[Python-ideas] Pass a function as the argument "step" of range()
Paul Moore
p.f.moore at gmail.com
Sat Jul 4 22:33:43 CEST 2015
On 4 July 2015 at 14:48, Nick Coghlan <ncoghlan at gmail.com> wrote:
> It's a particular way of using itertools.accumulate:
>
> def infinite_series(fn, start):
> def series_step(last_output, __):
> return fn(last_output)
> return accumulate(repeat(start), series_step)
>
> Due to the closure, that can be generalised to tracking multiple past
> values fairly easily (e.g. using deque), and the use of repeat() means
> you can adapt it to define finite iterators as well.
>
> This is covered in the accumulate docs
> (https://docs.python.org/3/library/itertools.html#itertools.accumulate)
> under the name "recurrence relation", but it may be worth extracting
> the infinite series example as a new recipe in the recipes section.

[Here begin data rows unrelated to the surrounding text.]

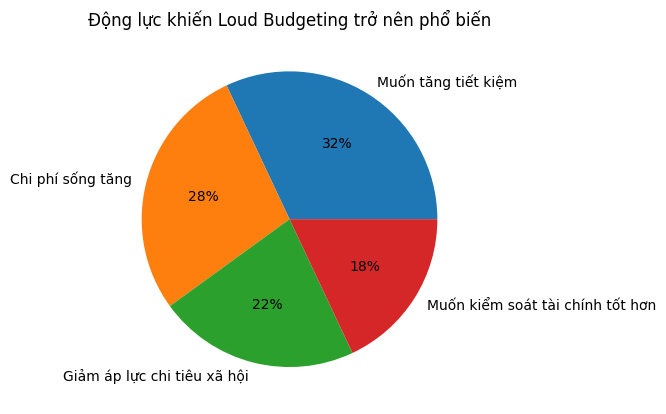 Loud budgeting: Khi người trẻ c&ocirc;ng khai &ldquo;kh&ocirc;ng c&oacute; tiền&rdquo; để bảo vệ t&agrave;i ch&iacute;nh của m&igrave;nh- Ảnh 5.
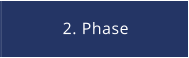 2. Phase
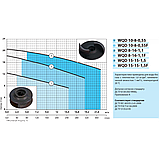 Дренажно-фекальний насос Насоси + Обладнання WQD 15-15-1,5 об'ємна подача:22,5 м3/год потужність: 1600 Вт, фото 4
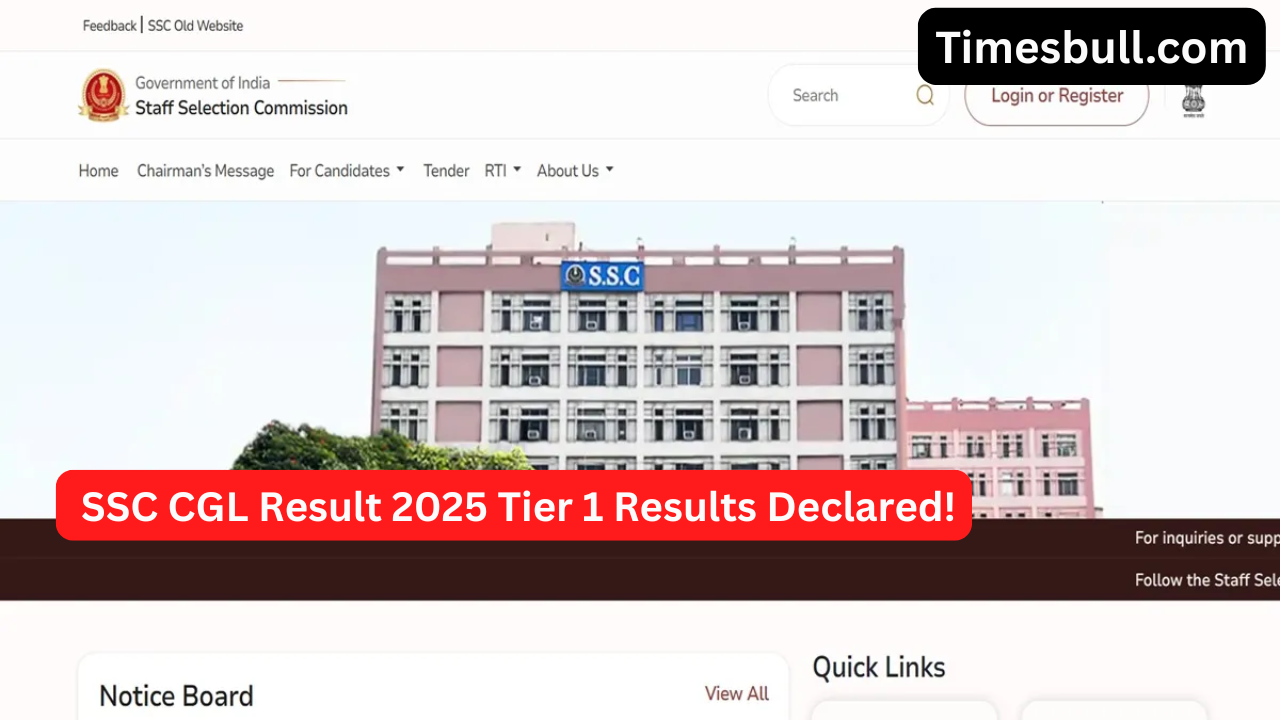 SSC CGL Result 2025:
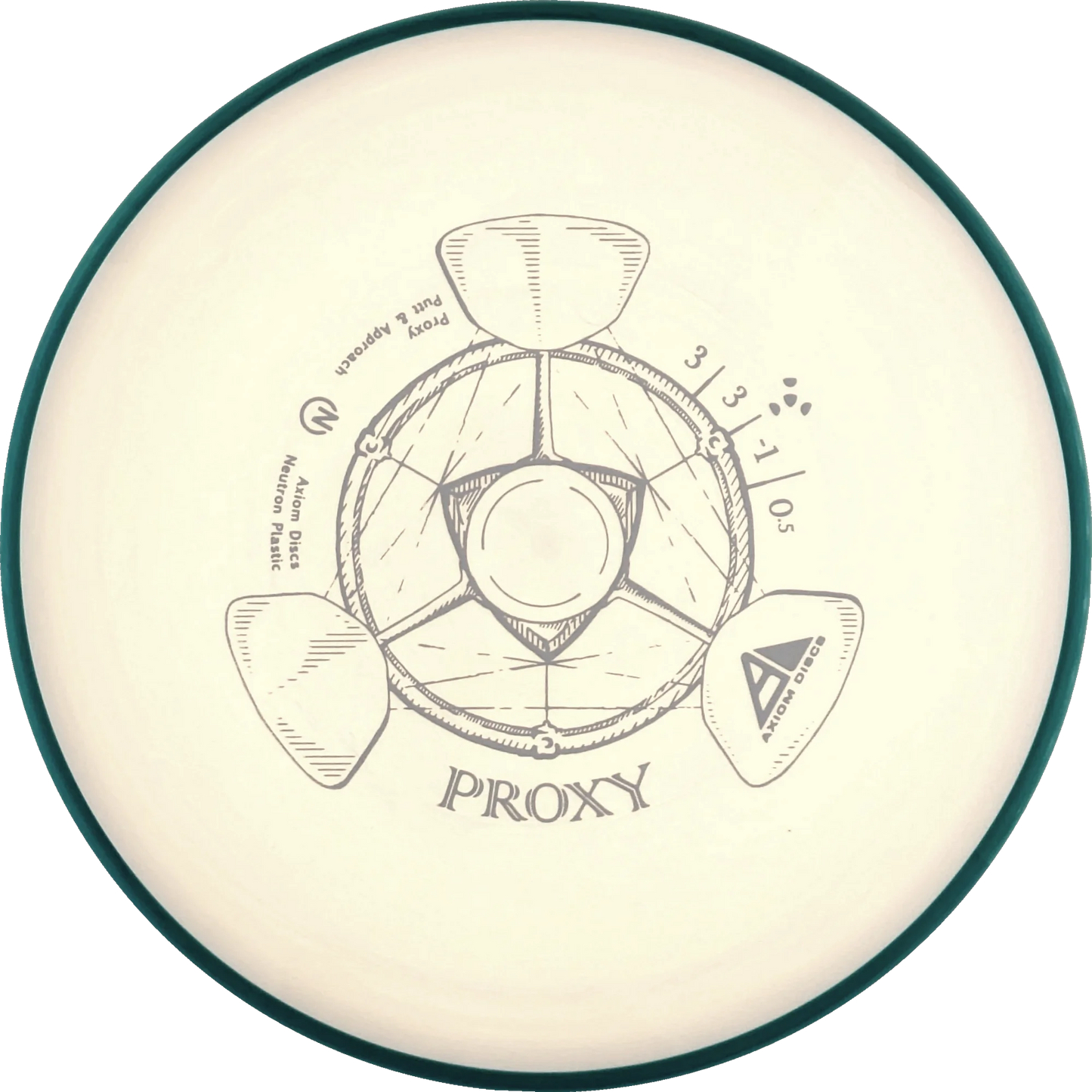 Neutron Proxy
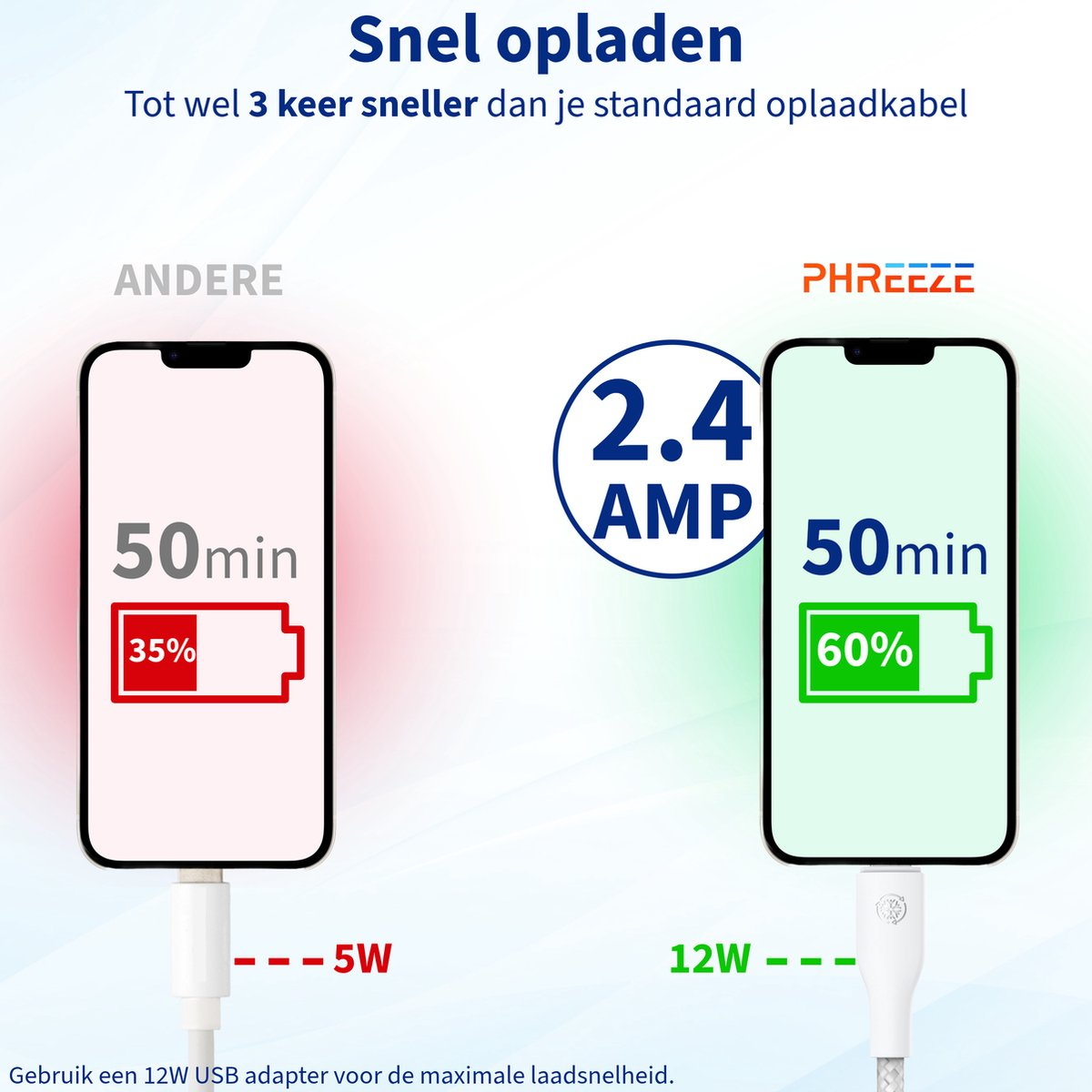 Afbeelding toont twee telefoons die opladen. Eén op 35% in 50 minuten, de andere op 60% in 50 minuten. Het benadrukt de oplaadsnelheid.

Ah, thanks. I hadn't thought of using accumulate with a function that
ignored its second argument.
Although the above seems noticeably less obvious than my hand-coded
def iterate(fn, start):
while True:
yield start
start = fn(start)
Unless the accumulate version is substantially faster (I haven't
tested), I can't imagine ever wanting to use it in preference.